_EXERCISE OBJECTIVE_
Restate exactly the lines below, from the one containing "Peanut harvest 58361880" through the final line, and leave out the pictures.

_DATASET EXTRACT_
*****

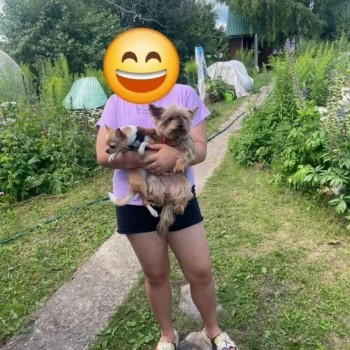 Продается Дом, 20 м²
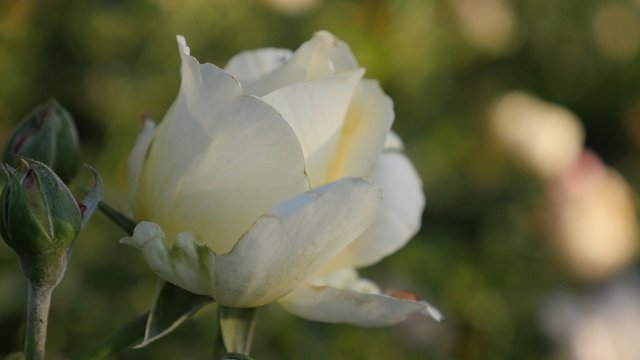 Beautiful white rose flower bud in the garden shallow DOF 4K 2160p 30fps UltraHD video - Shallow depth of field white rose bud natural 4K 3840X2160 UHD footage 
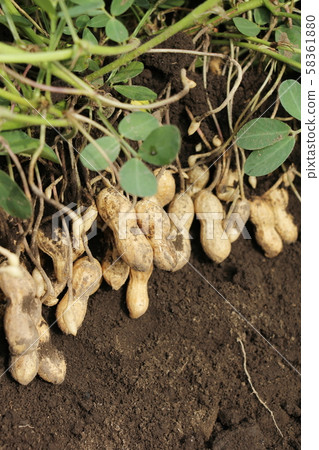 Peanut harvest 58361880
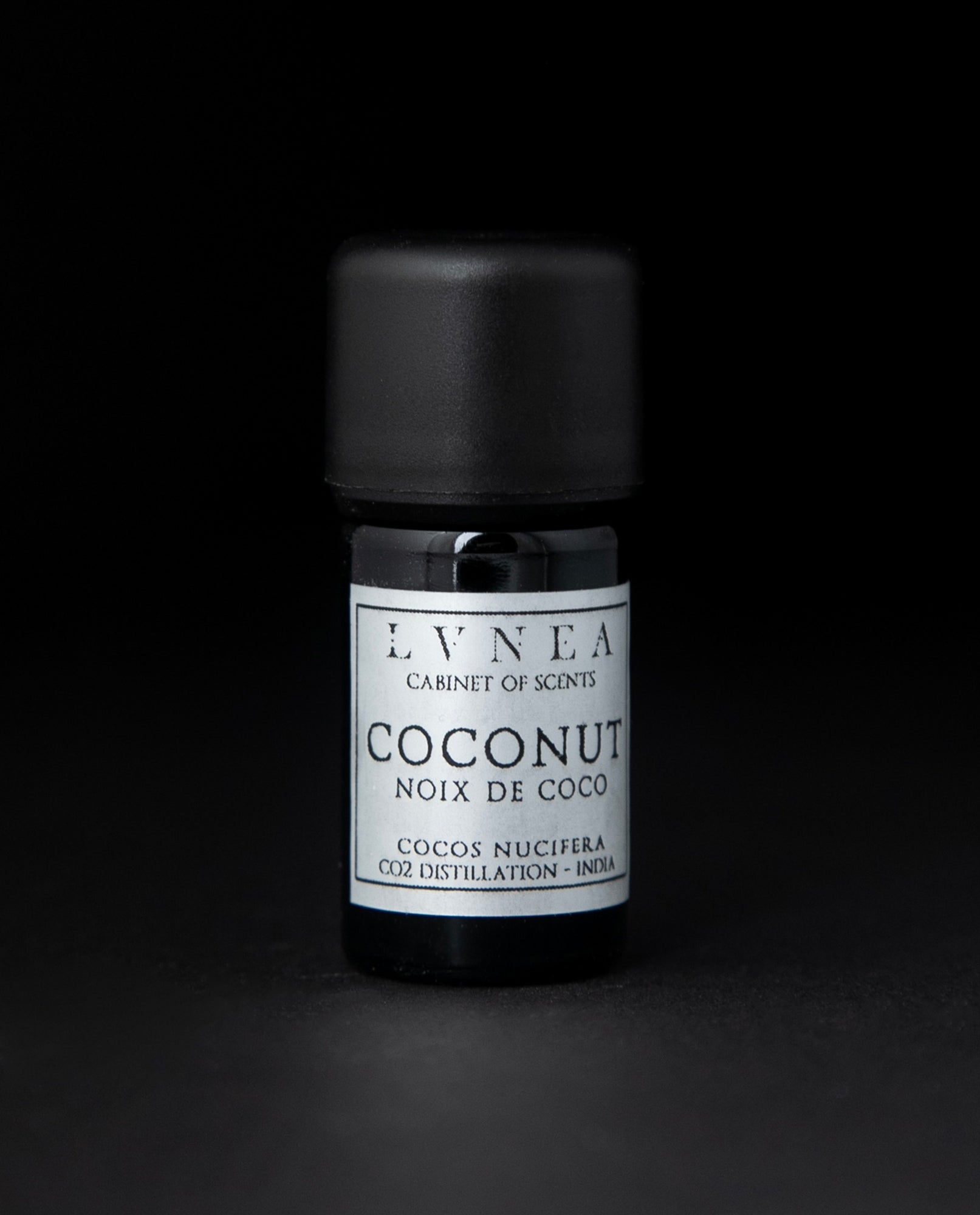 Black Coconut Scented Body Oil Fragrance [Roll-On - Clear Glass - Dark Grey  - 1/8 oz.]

*****

_SOLUTION_
 Peanut harvest 58361880
 Black Coconut Scented Body Oil Fragrance [Roll-On - Clear Glass - Dark Grey  - 1/8 oz.]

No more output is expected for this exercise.